It seems a tradition among radio amateurs to name file standards according to the place where they were conceived. Maidenhead (grid square locator) and Cabrillo (contest file format) and apparently also Stützerbach where DARC’s STF was invented.
I didn’t know STF until yesterday. UBA Contest Manager Marc ON7SS told me over Skype he was checking the Fieldday CW logs. For cross checking purposes, there is an exchange of FD logs between some of the R1 IARU societies. Major player is of course DARC although HB9 (USKA) is pretty active in FD too. Marc received a few hundred logs in the STF format. His checking soft expects Cabrillo but it takes him a few mouse clicks per log to make the conversion from STF to CBR. Few mouse clicks times few hundred logs = boring job indeed.

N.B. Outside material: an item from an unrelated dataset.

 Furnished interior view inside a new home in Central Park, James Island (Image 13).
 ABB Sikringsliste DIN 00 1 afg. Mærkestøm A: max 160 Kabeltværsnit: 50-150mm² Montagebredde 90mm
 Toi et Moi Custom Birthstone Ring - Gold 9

He didn’t even had to ask after he exposed the problem. I asked a few representative STF files and went to work. It’s been a long time since I wrote some code but it actually was fun again. Of course it’s an easy ‘problem’: parse an STF file, split the lines so you get the different parts of the QSO and re-order them per Cabrillo specs. Add some extras (header) and write to a new file in a new folder.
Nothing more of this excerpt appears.